DEATH CERTIFICATE

 ROLAND COMBS

Date:   15 August 1943
Cert:   15254 
Place of Death: County: Knott     City or Town: Red Fox
Name of Hospital or Institution: (blank)
Length of stay in hospital or community: (blank)
Usual Residence of Deceased: State: Kentucky  County: Knott
City or Town:  Red Fox
Full Name:  Roland COMBS
If Veteran Name War: (blank)
Social Security No.: (blank)
Sex, Color or Race, Marital Status: Male, Black, Single
Husband or Wife of:  (blank)
Age of husband or wife if alive: (blank)
Birth date of deceased:  15 August 1943
Age: 03 hours
Birthplace:  Red Fox
Occupation:  none
Industry or business: (blank)
Father Name:  Blackman B. COMBS
Father Birthplace:  Red Fox, Ky.
Mother Maiden Name:  Anna Mae WILLIAMS
Mother Birthplace:  Red Fox, Ky.
Informant:  Ivory D. ADAMS, Red Fox, Ky.
Burial Place:  Breedings Creek
Date:  16 August 1943
Signature of funeral director: none, Friends, Red Fox, Ky.
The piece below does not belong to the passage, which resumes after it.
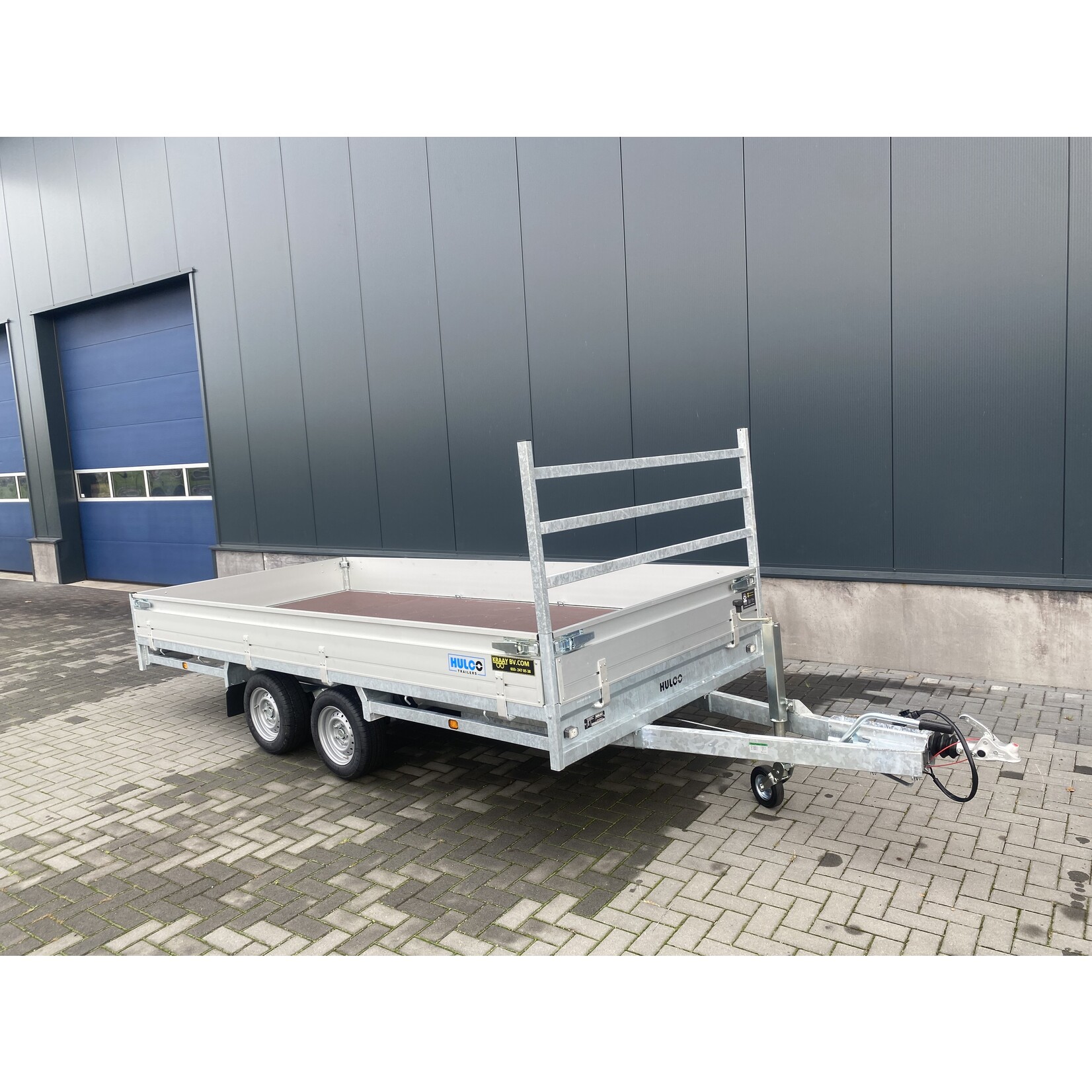 Hulco Hulco Medax-2 | 405 x 183 x 30 Cm | 2.600 Kg | Geremd | ALL-INN AKTIE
Date received by local registrar:  16 March 1945
Registrar's Signature:  Per B. Carns
Date of Death:  15 August 1943
I hereby certify that I attended deceased from (blank) to (blank), that I last saw him alive on (blank), and that death occurred on the date stated above at (blank)
Immediate cause of death: Mother fell 3 days before labor
Duration: (blank)
Due to: Premature Birth
Major findings of operations: (blank)
Accident, suicide, or homicide: (blank)
Date of occurrence: (blank)
Where did injury occur: (blank)
While at work: (blank)
Means of injury: (blank)
Signature & Address: J. R. Aker, M.D., Anco, Ky.